Before handing over to your accountant at year-end:

  1. Final bank reconciliation: ensure the last day of the accounting period is fully reconciled
  2. Director's loan account review: check the DLA balance and clear any overdrawn amount before year-end (or within 9 months after)
  3. Dividend check: confirm all drawings have been properly documented as dividends
  4. Expense reimbursement check: submit any outstanding personal expense claims
  5. Fixed asset register: confirm all capital assets are recorded correctly with purchase dates and costs
  6. Pension contributions: check any planned employer contributions are processed before year-end

Providing your accountant with clean, reconciled books significantly reduces their preparation time and your fee.

Common bookkeeping mistakes to avoid

  • Letting bank reconciliation fall behind: reconciling monthly prevents small errors from compounding into large problems at year-end
  • Taking dividends without documentation: undocumented drawings can be reclassified as loans — with S455 and BIK consequences
  • Mixing business and personal accounts: creates legal and tax complications that are expensive to untangle
  • Losing receipts for business expenses: HMRC will disallow unsupported expenses in an enquiry — photograph receipts immediately
  • Ignoring the DLA balance: an unmonitored director's loan account can result in unexpected S455 tax charges
  • Categorising expenses incorrectly: wrong categories affect CT calculations — if unsure, ask your accountant rather than guessing

Use the calculator

Frequently asked questions

Do I need to scan and store all receipts digitally?
For MTD for VAT, you need digital records of key transaction data (date, supplier, net amount, VAT amount) — not necessarily scanned images. However, photographing receipts and uploading them to your accounting software is strongly recommended. Paper receipts fade within a year or two, and HMRC may request supporting evidence in an enquiry. Digital copies protect you.
How long do I need to keep payroll records?
PAYE and payroll records (payslips, P60s, FPS records) must be kept for at least 3 years from the end of the tax year they relate to. HMRC recommends 6 years for most records. Keep P60s permanently if you can — employees may need them years later for mortgage applications or pension purposes.
Can I do my own bookkeeping or do I need an accountant?
Bookkeeping (entering transactions, reconciling accounts) is something most directors can handle themselves with good software.
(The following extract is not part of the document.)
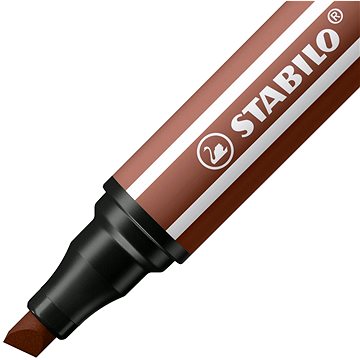 

STABILO Pen 68 MAX - siena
Tax return preparation, CT600 filing, and year-end accounts typically require an accountant unless you have strong accounting knowledge. The division of labour most directors use: they do monthly bookkeeping; the accountant does the annual accounts, CT600, and tax advice.
What is the difference between bookkeeping and accountancy?
Bookkeeping is recording transactions — entering invoices, reconciling the bank, categorising expenses. Accountancy is interpreting and using that data — preparing statutory accounts, calculating tax liabilities, filing returns, and giving tax advice. Good bookkeeping makes the accountancy work faster and cheaper. Both are necessary; the question is who does each.
Do I need to keep records for a dormant company?
Yes — even a dormant company must retain records for 6 years. A dormant company that had no transactions still needs to file annual dormant accounts with Companies House and a CT return with HMRC. Keep any formation documents, share certificates, and bank statements for the full retention period.

Important: This guide is for general information only and does not constitute tax or legal advice. Tax rules change — always verify current rates and thresholds with HMRC or a qualified accountant before making decisions.